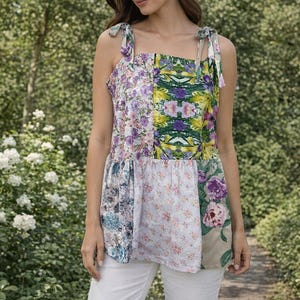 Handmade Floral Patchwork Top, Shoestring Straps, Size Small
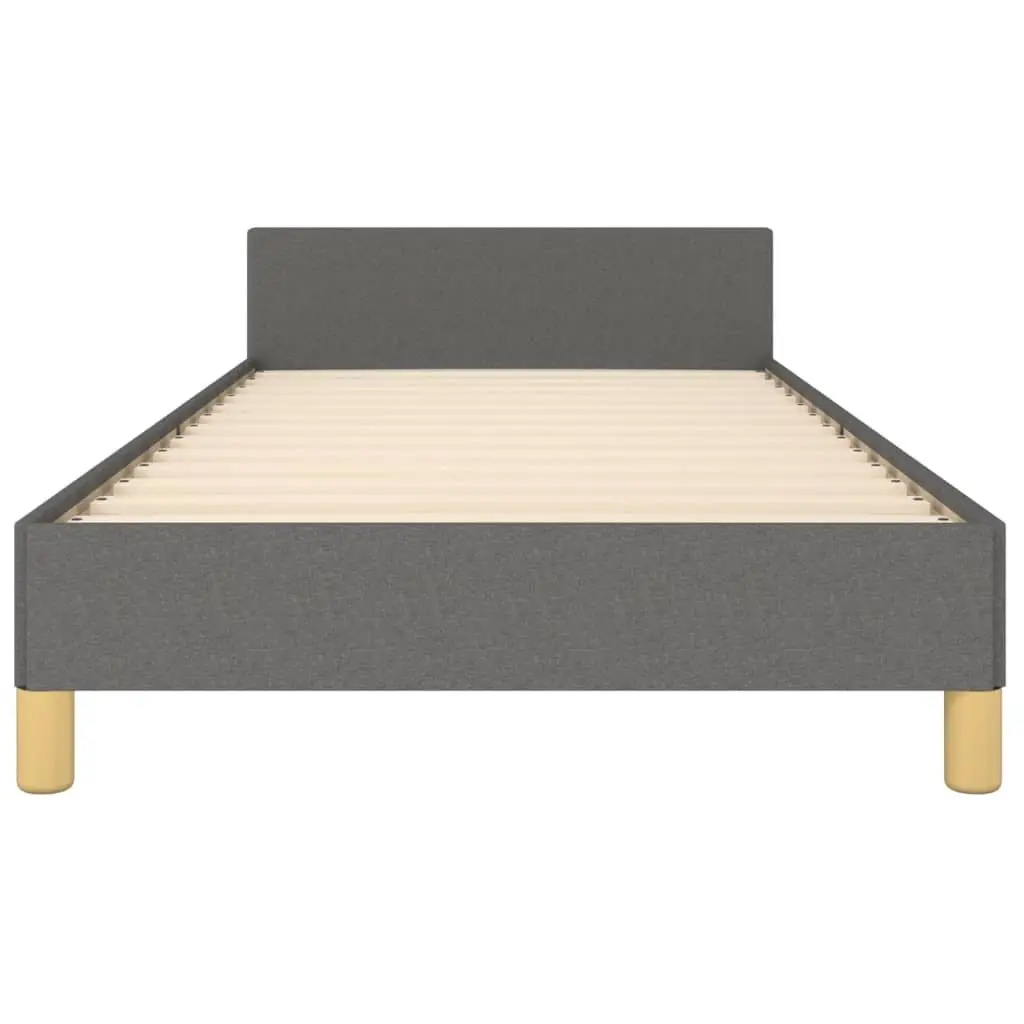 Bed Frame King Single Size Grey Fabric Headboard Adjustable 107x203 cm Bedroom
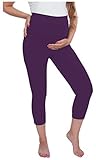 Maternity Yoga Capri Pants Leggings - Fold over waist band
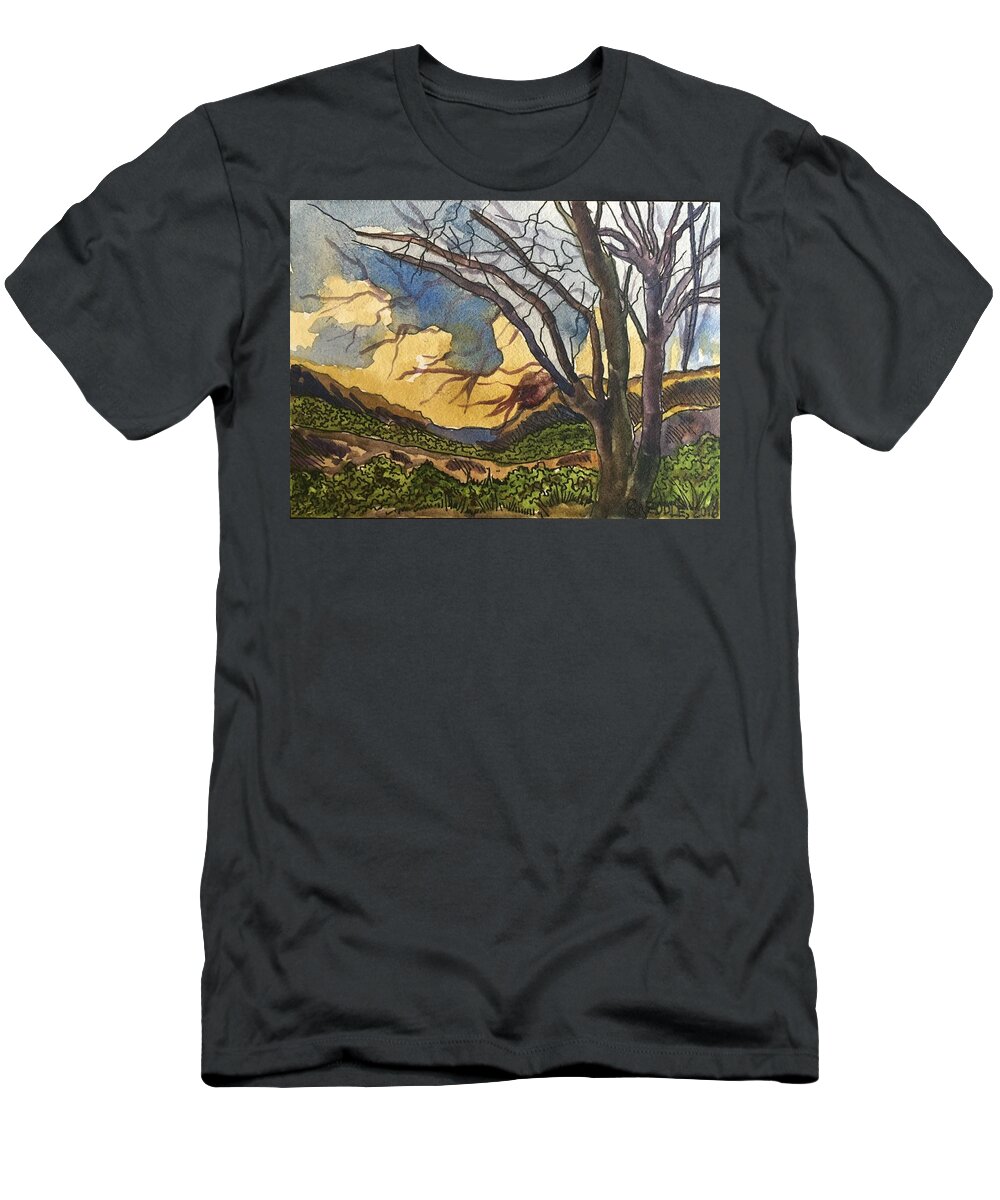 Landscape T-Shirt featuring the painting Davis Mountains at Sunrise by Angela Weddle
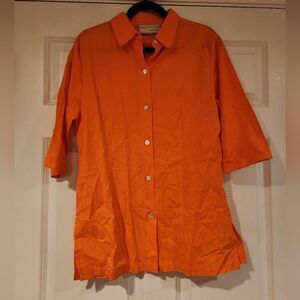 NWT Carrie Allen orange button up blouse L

--

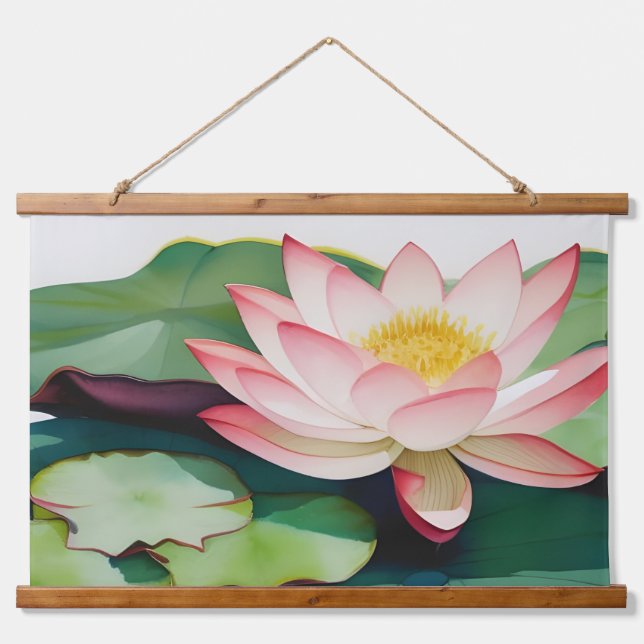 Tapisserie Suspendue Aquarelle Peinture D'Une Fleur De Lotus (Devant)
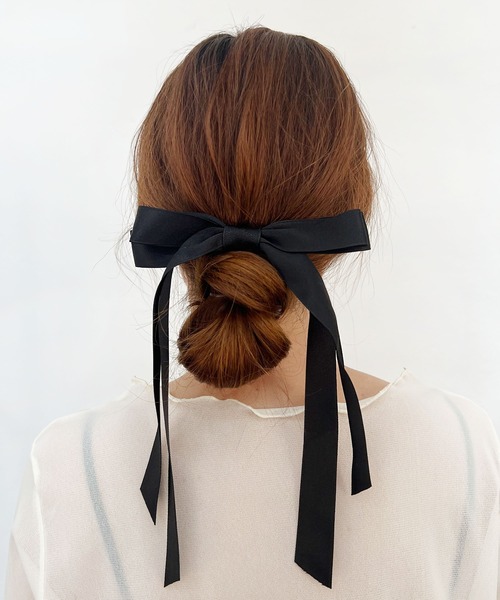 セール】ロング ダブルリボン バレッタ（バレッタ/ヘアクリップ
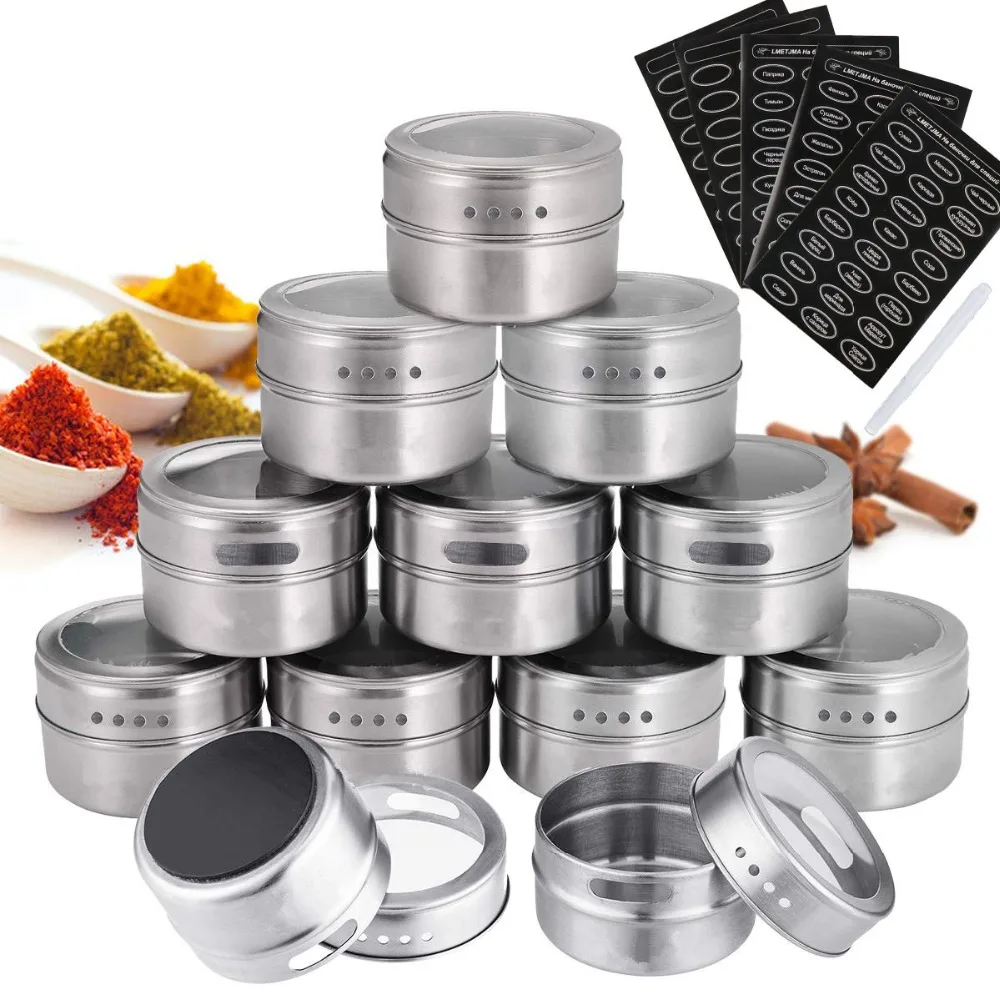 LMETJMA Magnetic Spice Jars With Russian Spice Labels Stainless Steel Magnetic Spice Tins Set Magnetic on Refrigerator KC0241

TASK DESCRIPTION:
Every line above in the stretch from the one with "Handmade Floral Patchwork" through the one with "NWT Carrie Allen orange button up blouse L" is to be transcribed exactly, ends included. No picture is copied.

ANSWER TO THE EXERCISE:
 Handmade Floral Patchwork Top, Shoestring Straps, Size Small
 Bed Frame King Single Size Grey Fabric Headboard Adjustable 107x203 cm Bedroom
 Maternity Yoga Capri Pants Leggings - Fold over waist band
 Landscape T-Shirt featuring the painting Davis Mountains at Sunrise by Angela Weddle
 NWT Carrie Allen orange button up blouse L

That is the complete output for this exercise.